Calculate sum with binomials using generating functions

Question

How would you calculate this sum using generating functions? I have tried a lot of things but cannot seem to get the right solution which should even contain $\sqrt{π}$

$$\sum_{k=0}^n (-1)^k \binom{n}{k}^2$$

Answer 1

A slight variation of the theme.

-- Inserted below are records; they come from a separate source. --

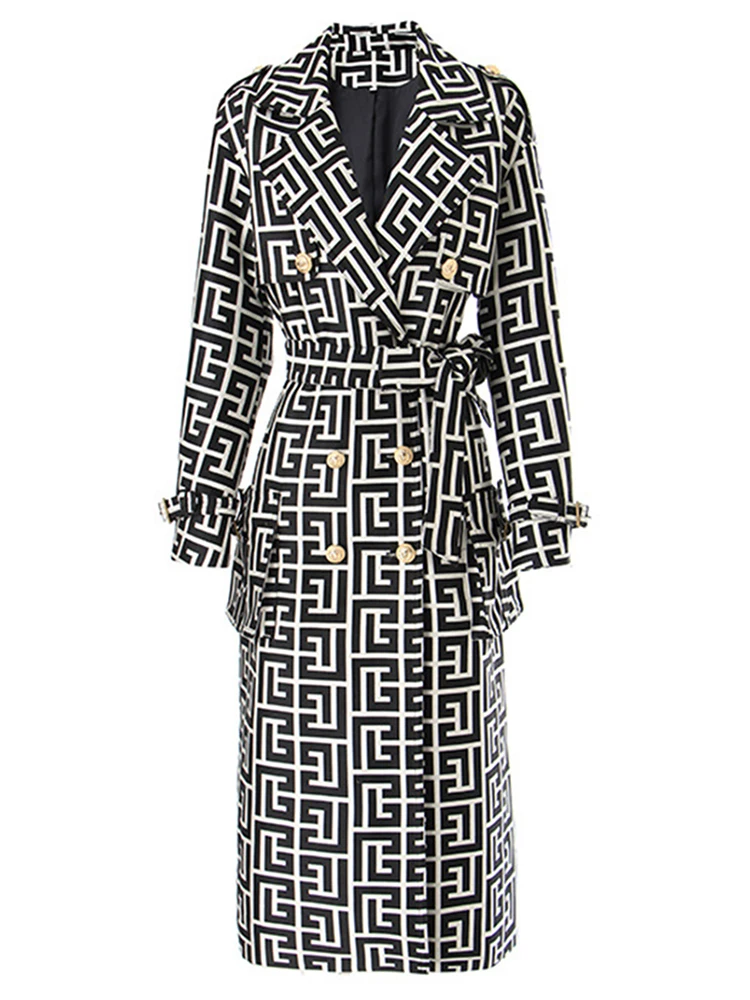 Monogram Jacquard Trench Coat for Women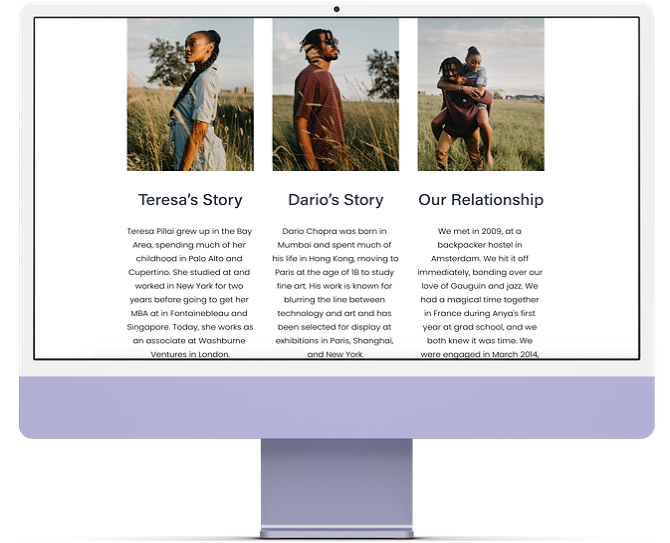 How To Write Your Wedding Website Love Story A Practical Wedding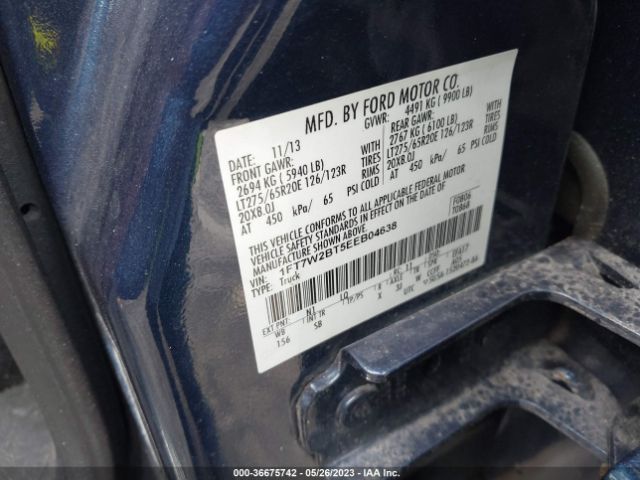 Photo 8 VIN: 1FT7W2BT5EEB04638 - FORD F-250 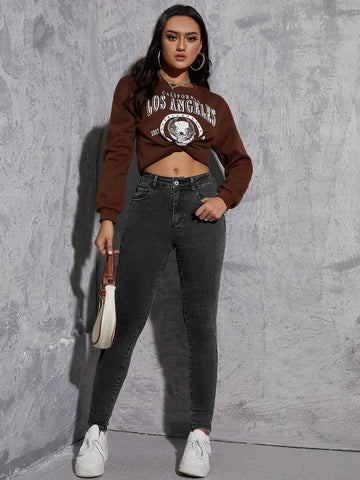Solid Skinny Jeans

It is convenient to use the coefficient of operator $[x^n]$ to denote the coefficient of $x^n$. This way we can write for instance \begin{align*} [x^k](1+x)^n=\binom{n}{k}\tag{1} \end{align*}

We obtain \begin{align*} \color{blue}{\sum_{k=0}^n\binom{n}{k}^2(-1)^k} &=\sum_{k=0}^n\binom{n}{k}(-1)^k\binom{n}{n-k}\tag{2}\\ &=\sum_{k=0}^n\binom{n}{k}(-1)^k[x^{n-k}](1+x)^n\tag{3}\\ &=[x^n](1+x)^n\sum_{k=0}^n\binom{n}{k}(-x)^k\tag{4}\\ &=[x^n](1+x)^n(1-x)^n\tag{5}\\ &=[x^n](1-x^2)^n\\ &\,\,\color{blue}{=(-1)^{n/2}\binom{n}{\frac{n}{2}}[n\equiv0 \operatorname{mod} 2]}\tag{6} \end{align*}

Comment:

• In (2) we use the binomial identity $\binom{p}{q}=\binom{p}{p-q}$.

• In (3) we apply the coefficient of operator according to (1).

• In (4) we apply the rule $[x^{p-q}]A(x)=[x^p]x^qA(x)$.

• In (5) we apply the binomial theorem.

• In (6) we select the coefficient of $[x^n]$ using Iverson brackets.